(Records from a dataset)
● ● ● ● ●

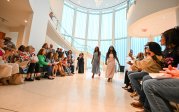 A group of people putting on a fashion show at the Barry Art Museum.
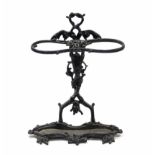 A Victorian cast-iron umbrella stand of fruiting vine design; 18½” wide x 25½” high.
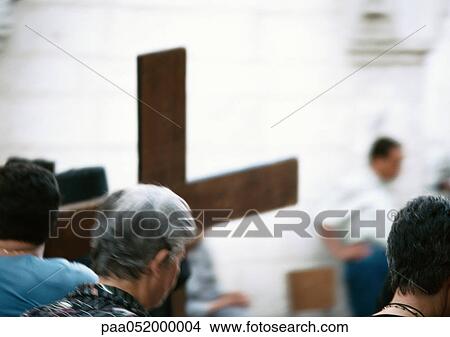 Israel, Jerusalem, people in Christian church, cross in background, blurred View Large Photo Image Picture - Israel, Jerusalem, people in Christian church, cross in background, blurred. Fotosearch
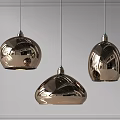 Three Metallic Pendant Lights with Shiny Dome Shapes Hanging in Modern Interior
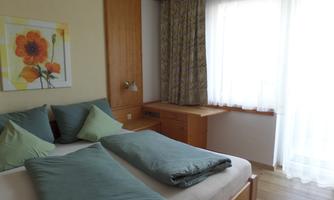 A modern bedroom with two beds and cozy pillows.  
Large windows provide plenty of natural light and an inviting atmosphere.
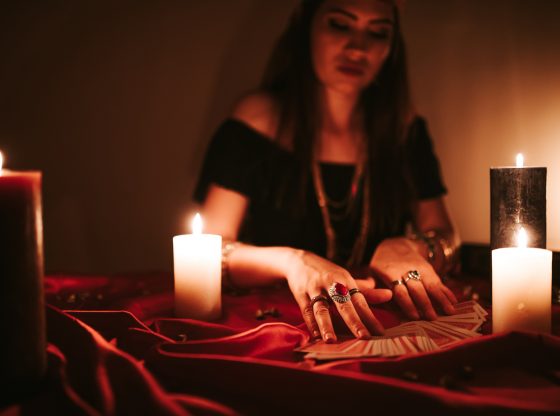 Young female fortune teller is looking into tarot cards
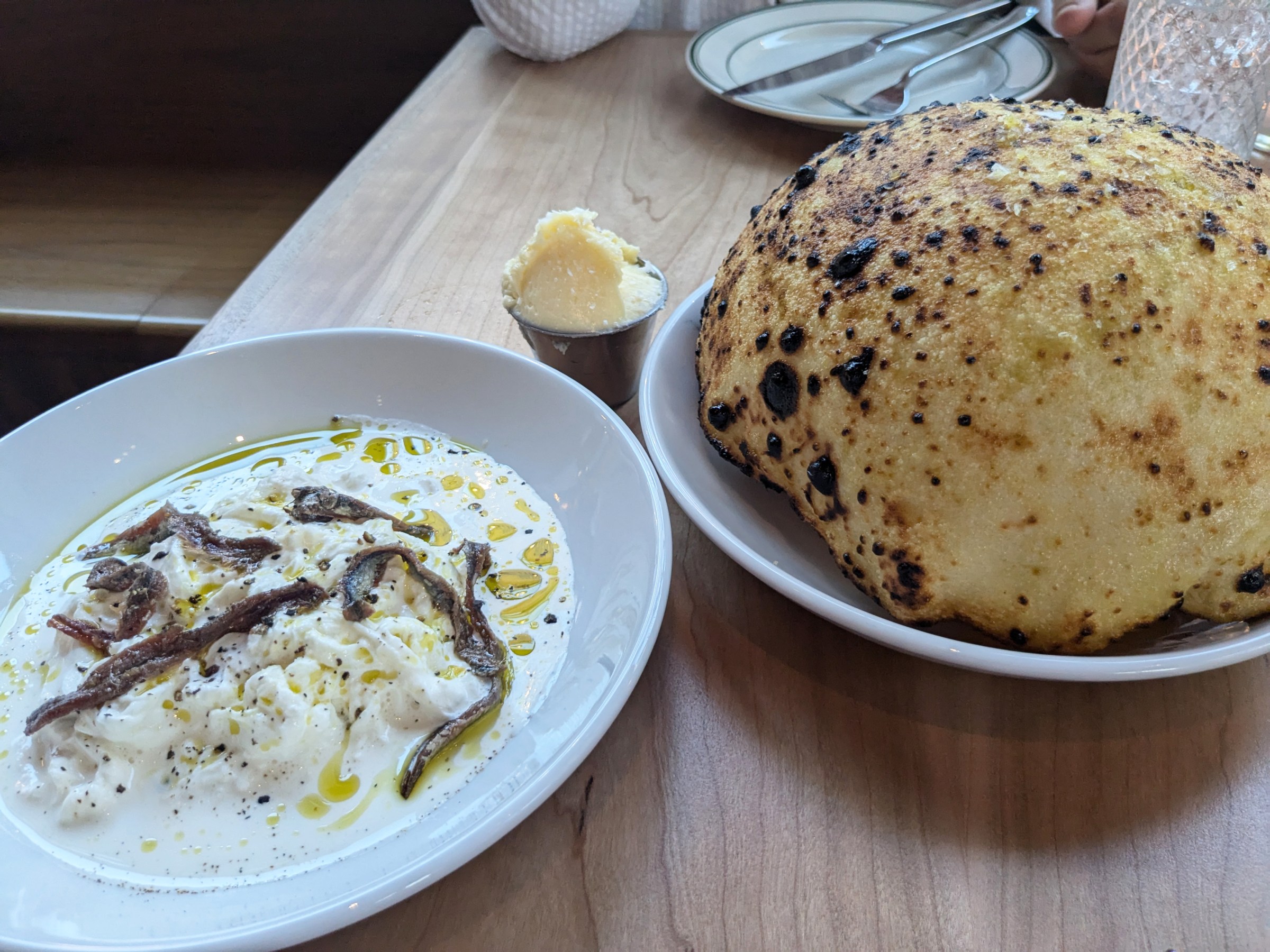 A puffy bread with lake of cream and cheese on the side.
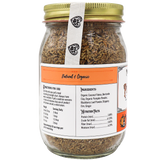 A glass jar with a gold lid contains Project Sudz | Pumpkin Rx GI Support for Dogs - 220g, a brown flaky product formulated to support healthy gut function in dogs. The label displays ingredients, nutrition facts, and directions for use and features “Natural & Organic” in orange text on the front.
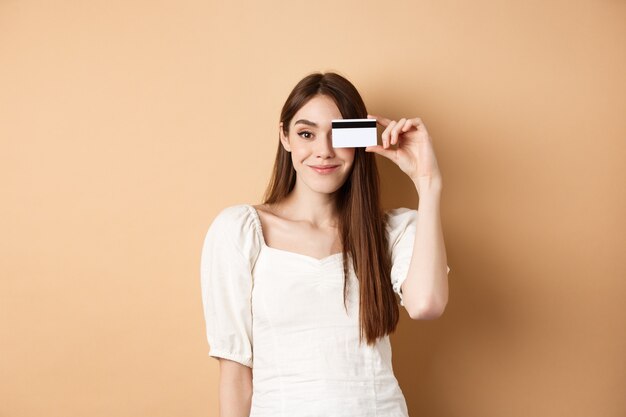 Uśmiechnięta ładna dziewczyna pokazuje plastikową kartę kredytową nad oczami i wygląda na zadowoloną, stojąc na beżowym bac...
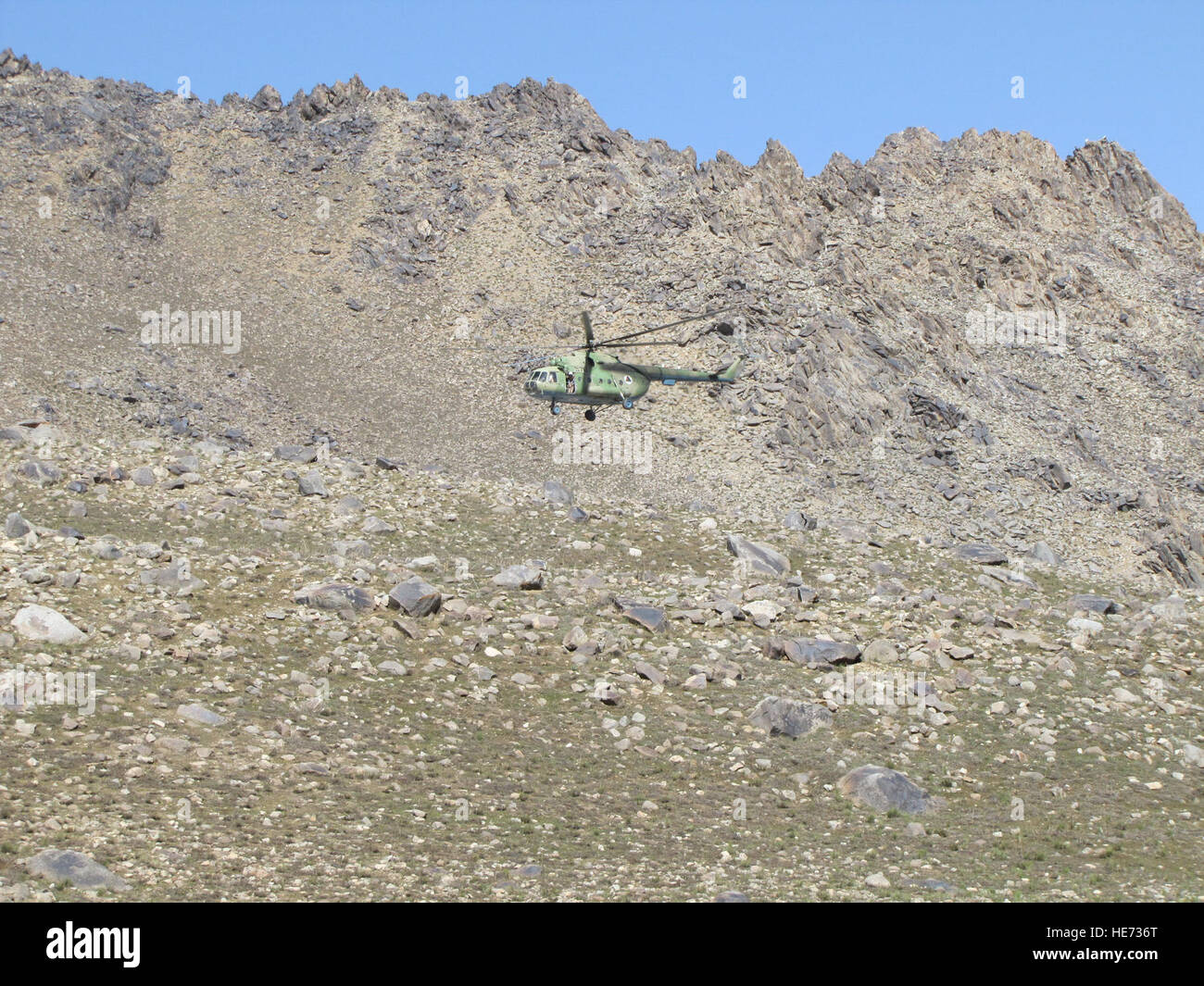 Afghan National Army Air Corps Mi-17 prepares to land in a landing zone at an elevation of 12,000 feet, May 22. This is the closest aircraft could land safely to get the needed supplies to conduct recovery efforts of the Pamir Airlines passenger jet that crashed, Monday, May 24. There were no survivors among the 38 passengers and 5 crew. Stock Photo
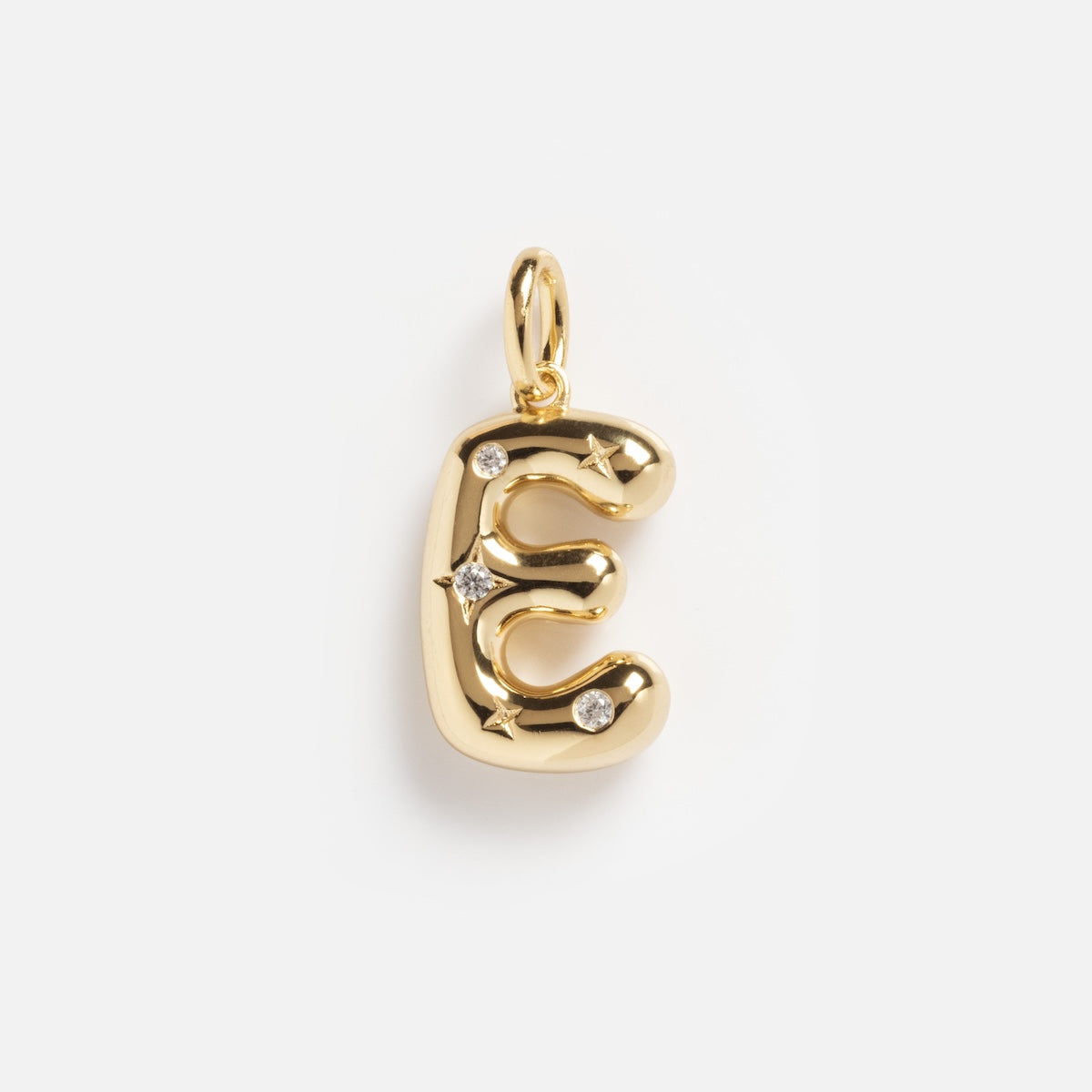 The Star Crossed Celestial Bubble Letter Charm is a gold pendant shaped like the letter E, featuring star accents and sparkling clear gemstones, shown on a plain white background.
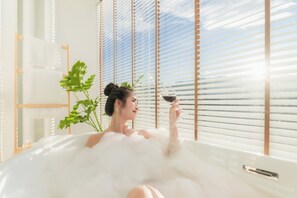 A person in a bathtub with a plant and a window with blinds. - Mai Hotel (Chiang Mai)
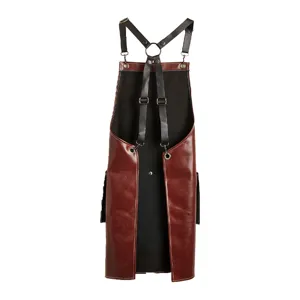 Retro leather barber apron with adjustable straps and metal buckles for hairstyling work.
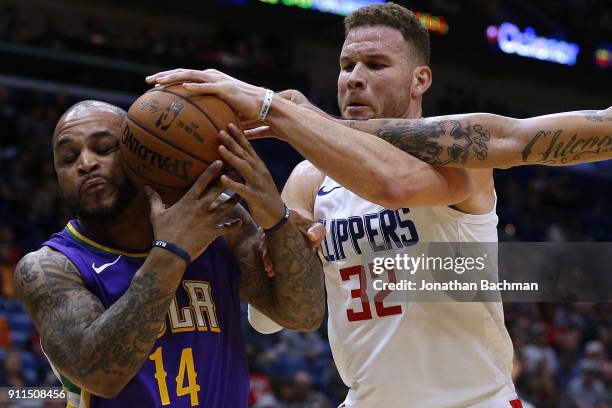 Jameer Nelson of the New Orleans Pelicans and Blake Griffin of the LA Clippers go for a rebound during the second half at the Smoothie King Center on...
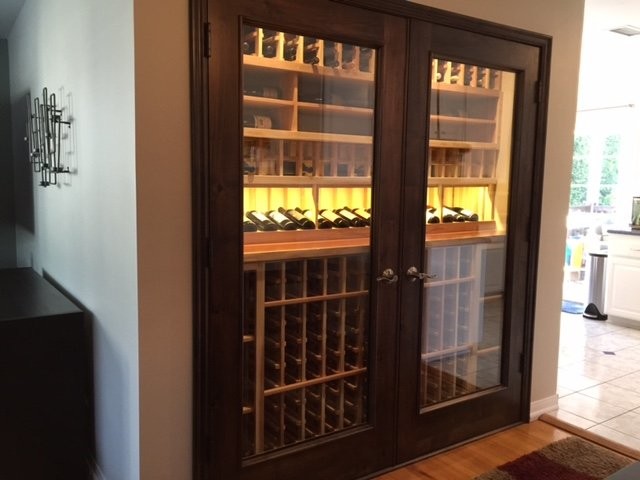 Design ideas for a small traditional wine cellar in Los Angeles with storage racks.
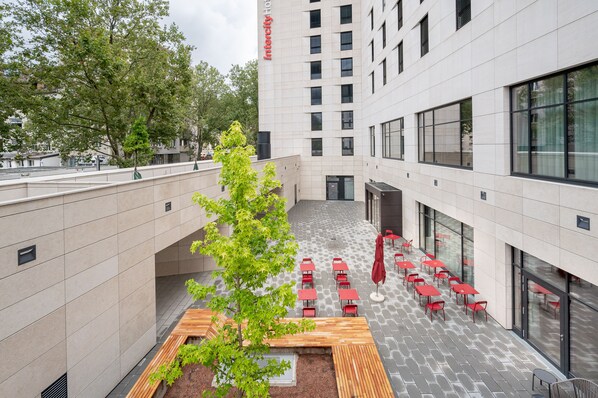A courtyard with outdoor seating, a tree, and a building with a sign reading "Intercity Hotel". - IntercityHotel Karlsruhe (Karlsruhe)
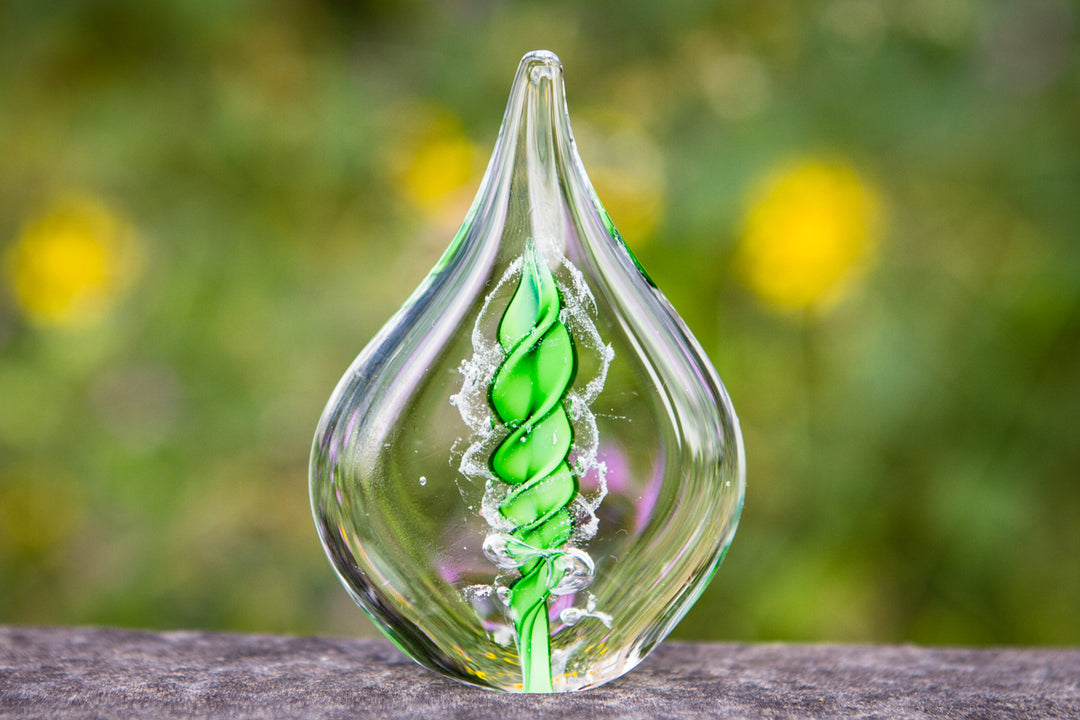 Clear glass memorial flame with a green spiral inside encasing cremation ashes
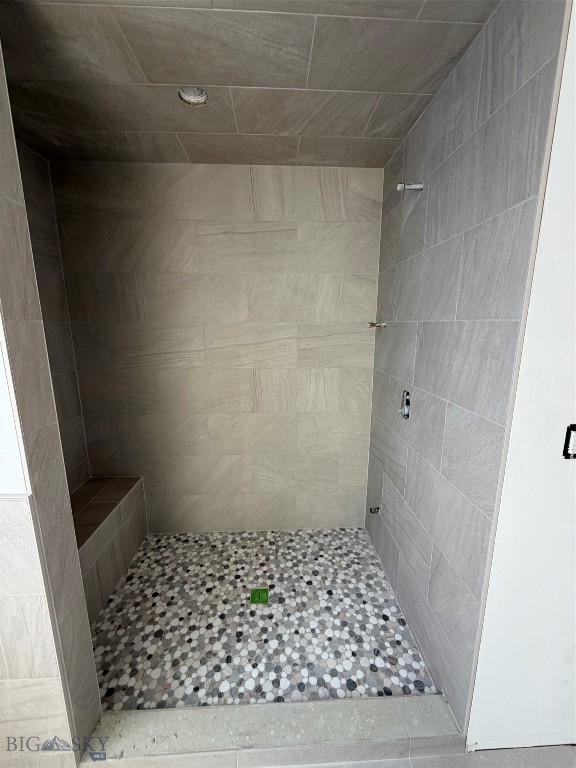 Walk-in shower with a pebble mosaic floor, gray tile walls, built-in bench, and recessed niche.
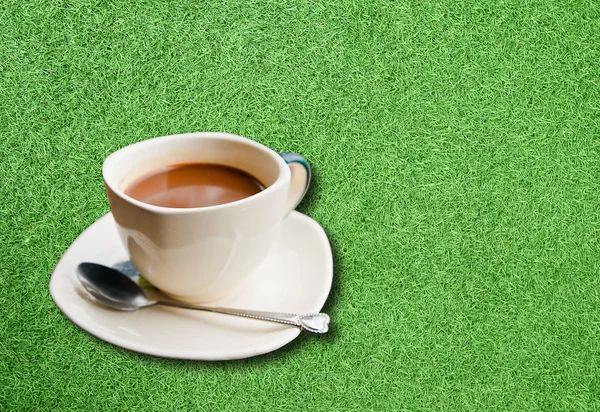 stock image Cup of coffee on the lawn.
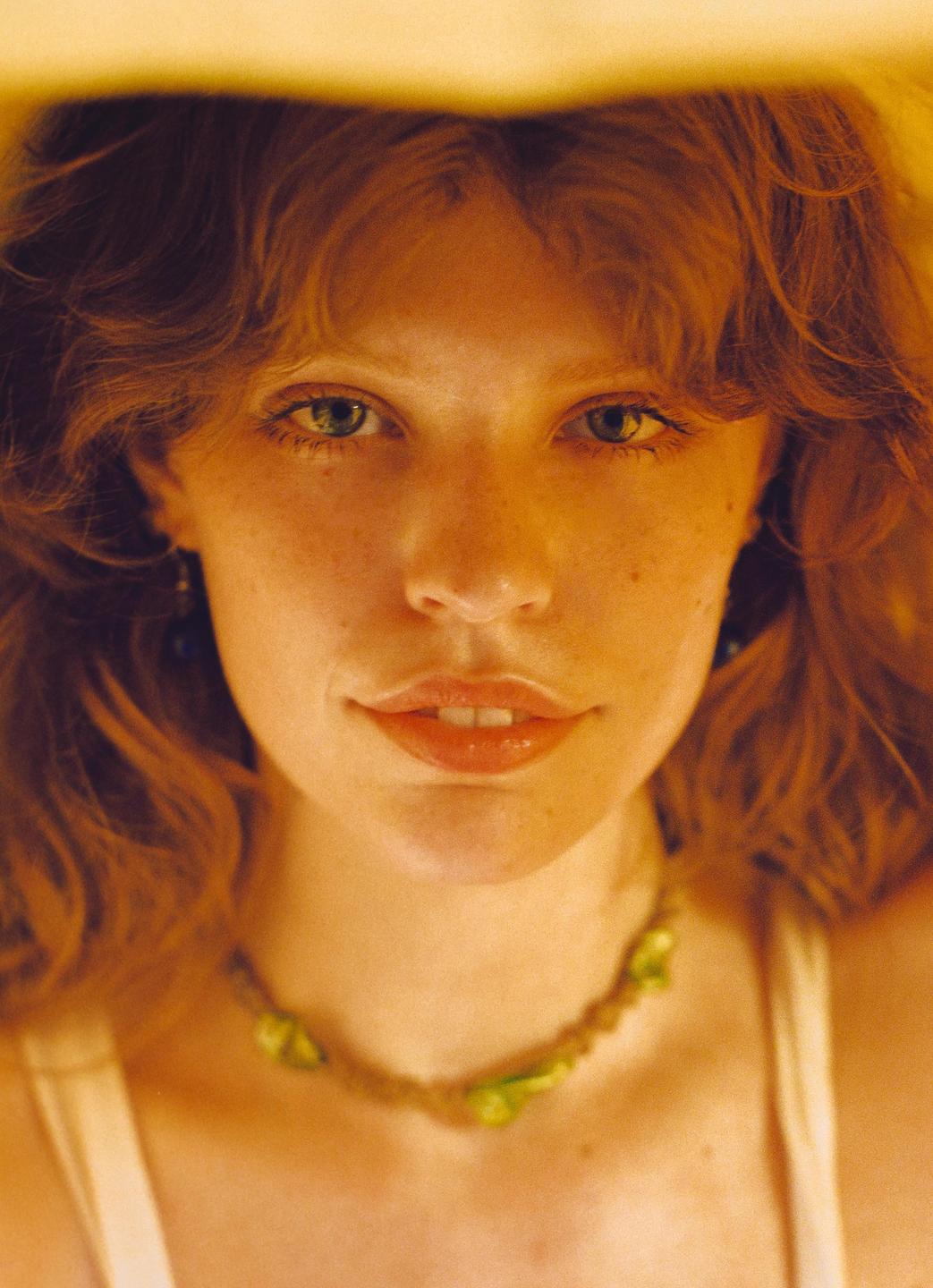 A woman with red hair and a green necklace looks directly at the viewer.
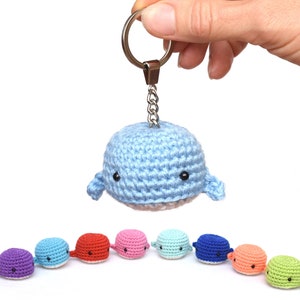 May include: A blue crocheted whale keychain with a silver key ring. The whale is holding a small silver chain. There are nine crocheted whales in a row, each a different color: purple, blue, red, pink, light blue, dark blue, orange, green, and light green.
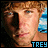 A pixelated image of a person with light brown hair and blue eyes, wearing a blue and white striped background with text "TREY" at the bottom.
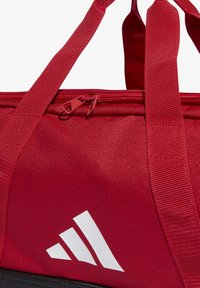 Bolsa de lona roja con un cierre resistente, tejido texturizado, correas anchas y un gran logo blanco en el lateral. Presenta un acabado suave.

● ● ● ● ●

_Problem requirements_:
From the records above, copy exactly the lines starting at the one with "Jameer Nelson of" and ending at the one with "May include: A", and no others. Pictures stay out.

_Result of the task_:
 Jameer Nelson of the New Orleans Pelicans and Blake Griffin of the LA Clippers go for a rebound during the second half at the Smoothie King Center on...
 Design ideas for a small traditional wine cellar in Los Angeles with storage racks.
A courtyard with outdoor seating, a tree, and a building with a sign reading "Intercity Hotel". - IntercityHotel Karlsruhe (Karlsruhe)
 Clear glass memorial flame with a green spiral inside encasing cremation ashes
 Walk-in shower with a pebble mosaic floor, gray tile walls, built-in bench, and recessed niche.
 stock image Cup of coffee on the lawn.
 A woman with red hair and a green necklace looks directly at the viewer.
 May include: A blue crocheted whale keychain with a silver key ring. The whale is holding a small silver chain. There are nine crocheted whales in a row, each a different color: purple, blue, red, pink, light blue, dark blue, orange, green, and light green.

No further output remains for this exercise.